I've faced the same issue. Documentation is not clear about this point. By looking at /var/log/aws-routed-eni/ipamd.log on the node it seems to be an authorization issue:

{"level":"error","ts":"2023-12-06T13:51:53.616Z","caller":"ipamd/ipamd.go:457","msg":"Failed to call ec2:DescribeNetworkInterfaces for [eni-03****** eni-07********]: WebIdentityErr: failed to retrieve credentials\ncaused by: AccessDenied: Not authorized to perform sts:AssumeRoleWithWebIdentity\n\tstatus code: 403, request id: df464bdf-eb18-4b85-*******"}
{"level":"error","ts":"2023-12-06T13:51:53.727Z","caller":"aws-k8s-agent/main.go:32","msg":"Initialization failure: ipamd init: failed to retrieve attached ENIs info: WebIdentityErr: failed to retrieve credentials\ncaused by: AccessDenied: Not authorized to perform sts:AssumeRoleWithWebIdentity\n\tstatus code: 403, request id: df464bdf-****"}

I have resolved it by adding the permissions AmazonEKS_CNI_Policy to my role

jaydeokar commented 11 months ago

Hi @ariary Can you give more details as to how you ended up with the issue ? Which role did you ended up adding the permission to (the node role or the CNI-addon role) ? The above issue happened since the create/update addon call did not pass the service-role-arn to use for CNI

ariary commented 11 months ago

I have created a specific role with permissions for the policy I mentioned above + the one which is defined in the documentation (for cloud watch log) For this role I check that aws-node service account can assume it (cf trust relationship in UI) Then you can update your add-on by specifying the adding-role arn (—service-account-role-arn)

Note also, that to get logs you also need in your node agent configuration "enablePolicyLogs": "true"

jaydeokar commented 11 months ago

I have created a specific role with permissions for the policy I mentioned above + the one which is defined in the documentation

So if I understand this correct.. You created a new role and added cloudwatch log policy to the role for network policy logs.

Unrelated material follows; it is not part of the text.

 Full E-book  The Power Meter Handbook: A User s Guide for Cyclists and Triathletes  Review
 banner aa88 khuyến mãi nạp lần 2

CNI then complained about not having the right authorization, which is when you added the AmazonEKS_CNI_POLICY ?

ariary commented 11 months ago

Exactly

jaydeokar commented 11 months ago

Thanks for the details.. So we do recommend to add the cloudwatch log policy to the existing CNI IAM role (which would already have the AmazonEKS_CNI_Policy attached). This is also being called out in the prerequisites section of the docs here..

https://docs.aws.amazon.com/eks/latest/userguide/cni-network-policy.html#network-policies-troubleshooting Add the following permissions as a stanza or separate policy to the IAM role that you are using for the VPC CNI.

Let me know if this helps

ariary commented 11 months ago

@jaydeokar indeed! Just maybe it would be helpful to specify which role we are talking about, as if we are using "default" configuration we have Service account role:Inherited from node. Thus leading to create a new role with only the policy mentioned.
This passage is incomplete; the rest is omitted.